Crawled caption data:

______

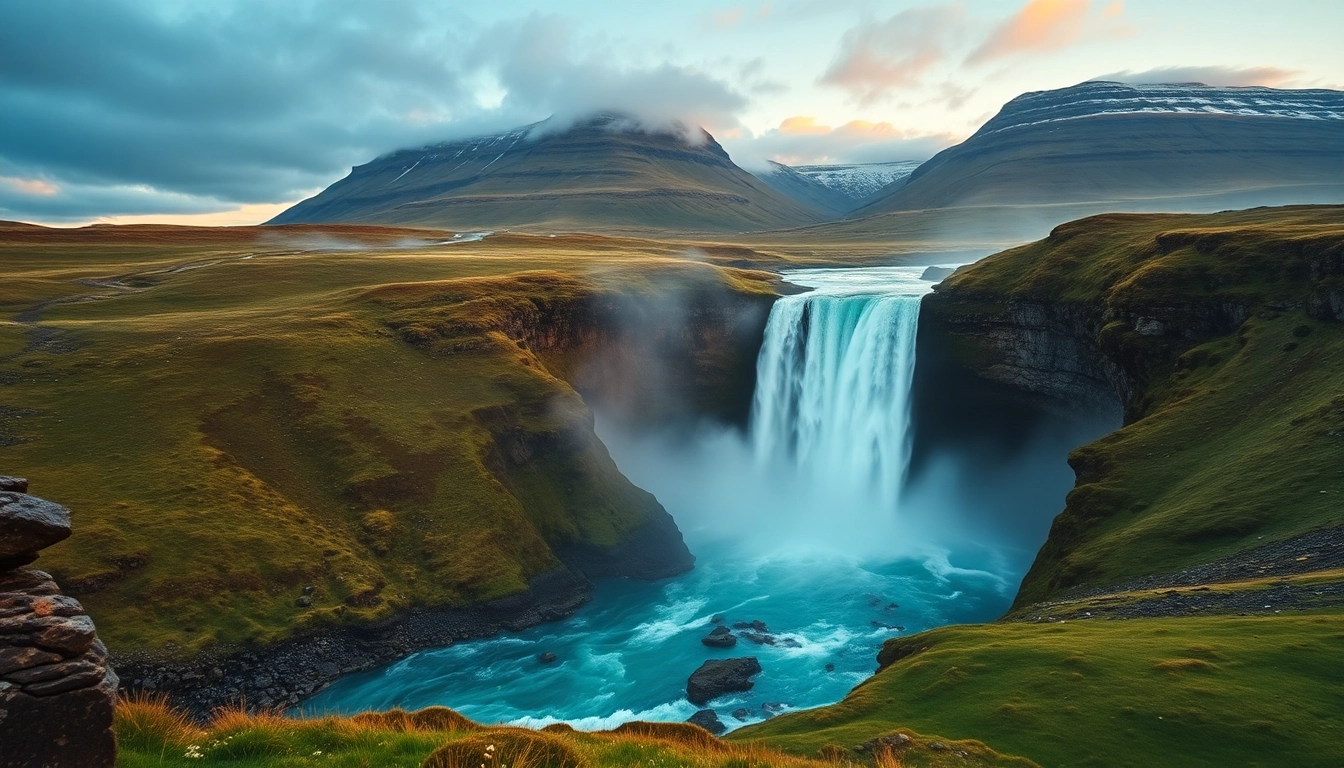 Erleben Sie eine beeindruckende Reise nach Island mit dem Wasserfall Gullfoss im Vordergrund und vulkanischen Bergen im Hintergrund.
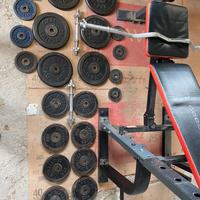 Manubri, bilanciere, dischi in ghisa, tower, panca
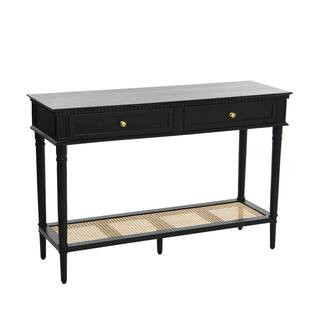 Maxwelton 48 in. Black Acacia Wood Console Table with Drawers and Woven Cane Shelf | The Home Depot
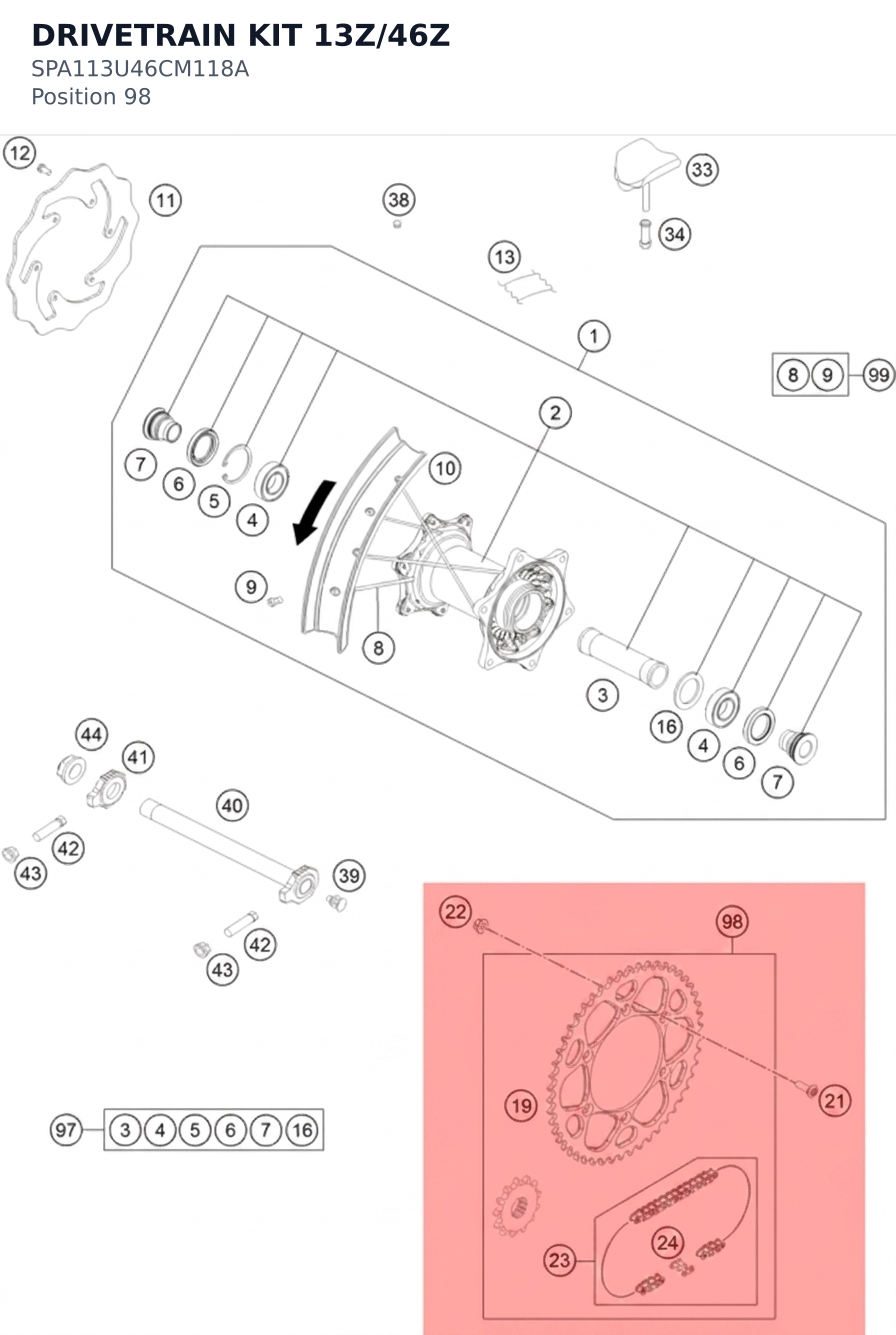 Diagram preview: DRIVETRAIN KIT 13Z/46Z (SPA113U46CM118A)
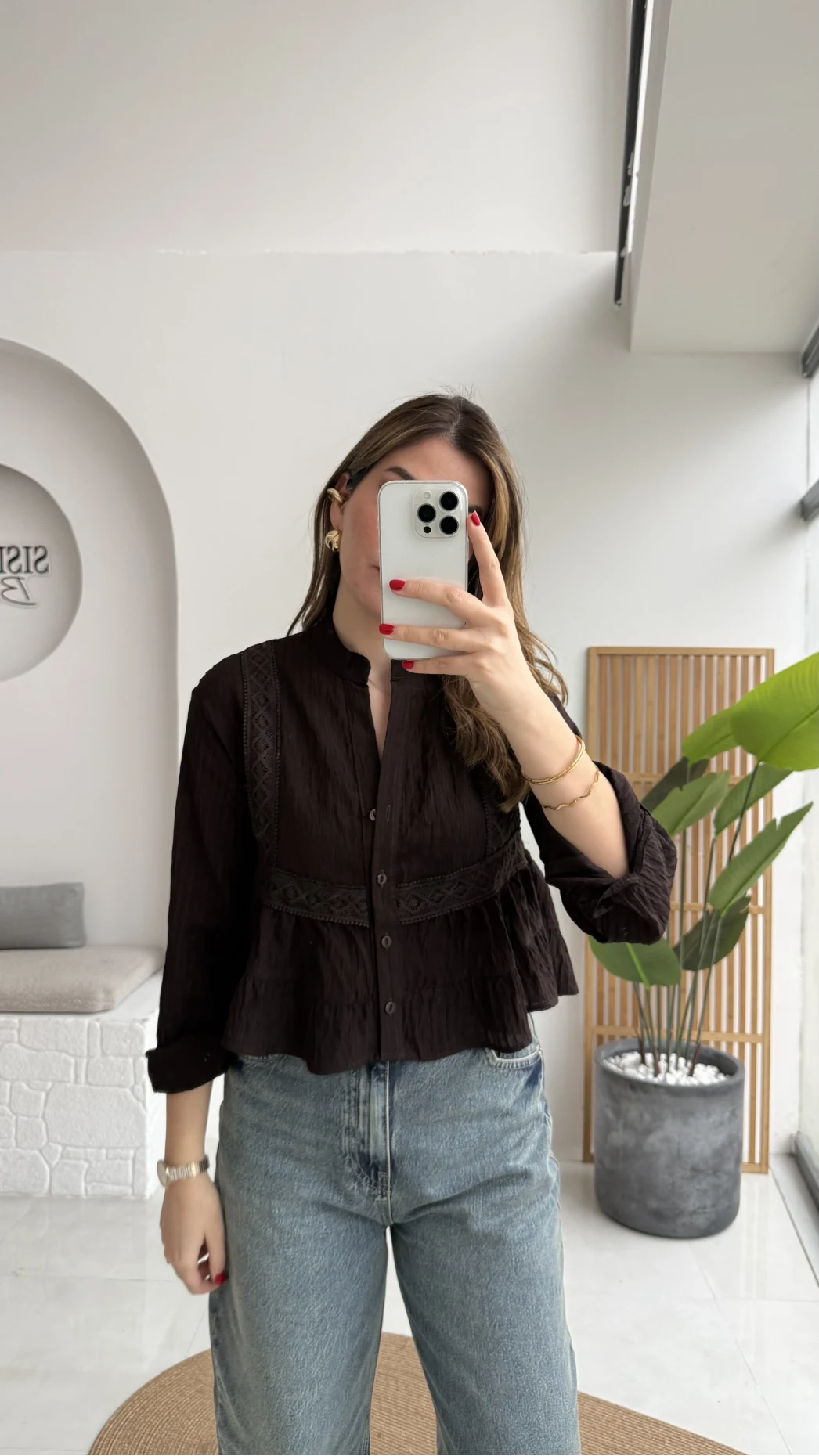 Bloom Acı Kahve Dantel Gömlek - Kod: 2214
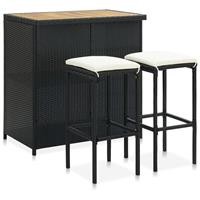 vidaxl 3-tlg. Bar-Set Poly Rattan Schwarz - 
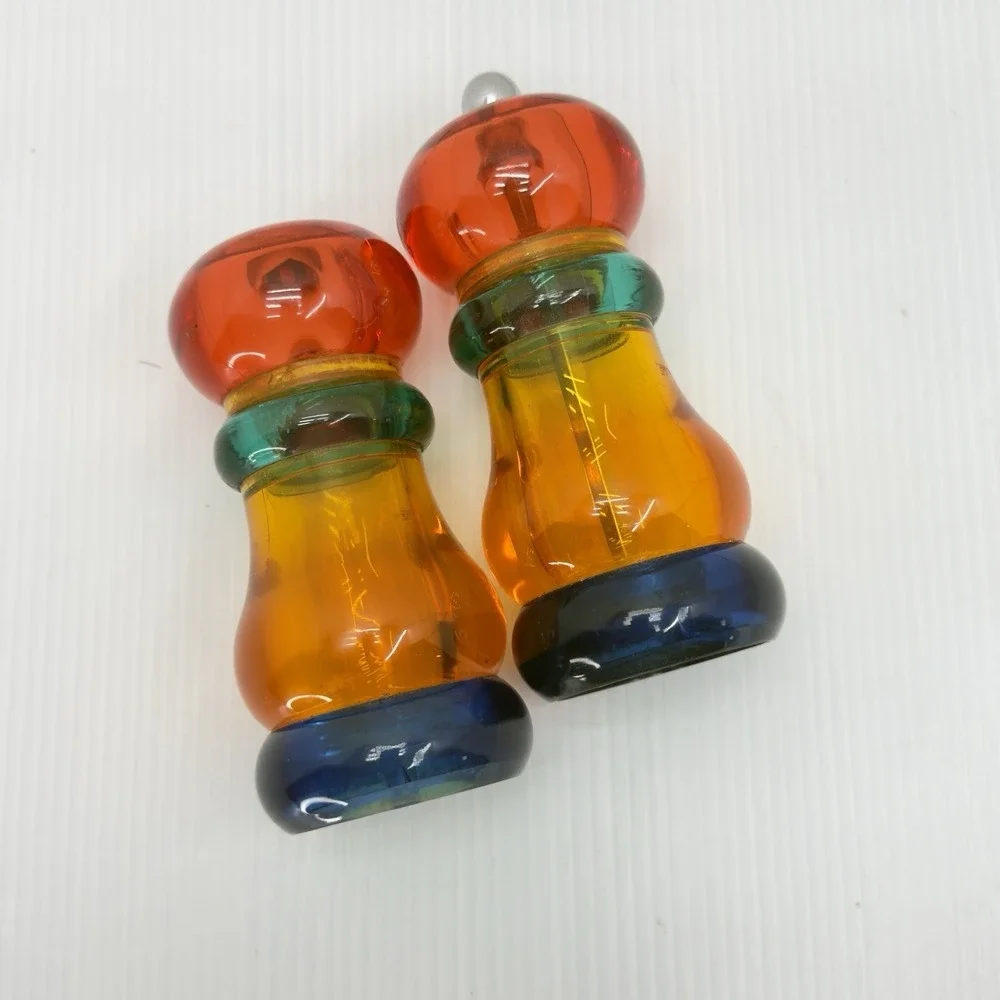 Vintage 1980s Olde Thompson Sunset Fiesta Lucite Salt & Pepper Mill Set MCM, USA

______

# [DIRECTIONS]
Omitting all images, retype each line of the records precisely.

# [ANSWER SECTION]
 Erleben Sie eine beeindruckende Reise nach Island mit dem Wasserfall Gullfoss im Vordergrund und vulkanischen Bergen im Hintergrund.
 Manubri, bilanciere, dischi in ghisa, tower, panca
 Maxwelton 48 in. Black Acacia Wood Console Table with Drawers and Woven Cane Shelf | The Home Depot
 Diagram preview: DRIVETRAIN KIT 13Z/46Z (SPA113U46CM118A)
 Bloom Acı Kahve Dantel Gömlek - Kod: 2214
 vidaxl 3-tlg. Bar-Set Poly Rattan Schwarz - 
 Vintage 1980s Olde Thompson Sunset Fiesta Lucite Salt & Pepper Mill Set MCM, USA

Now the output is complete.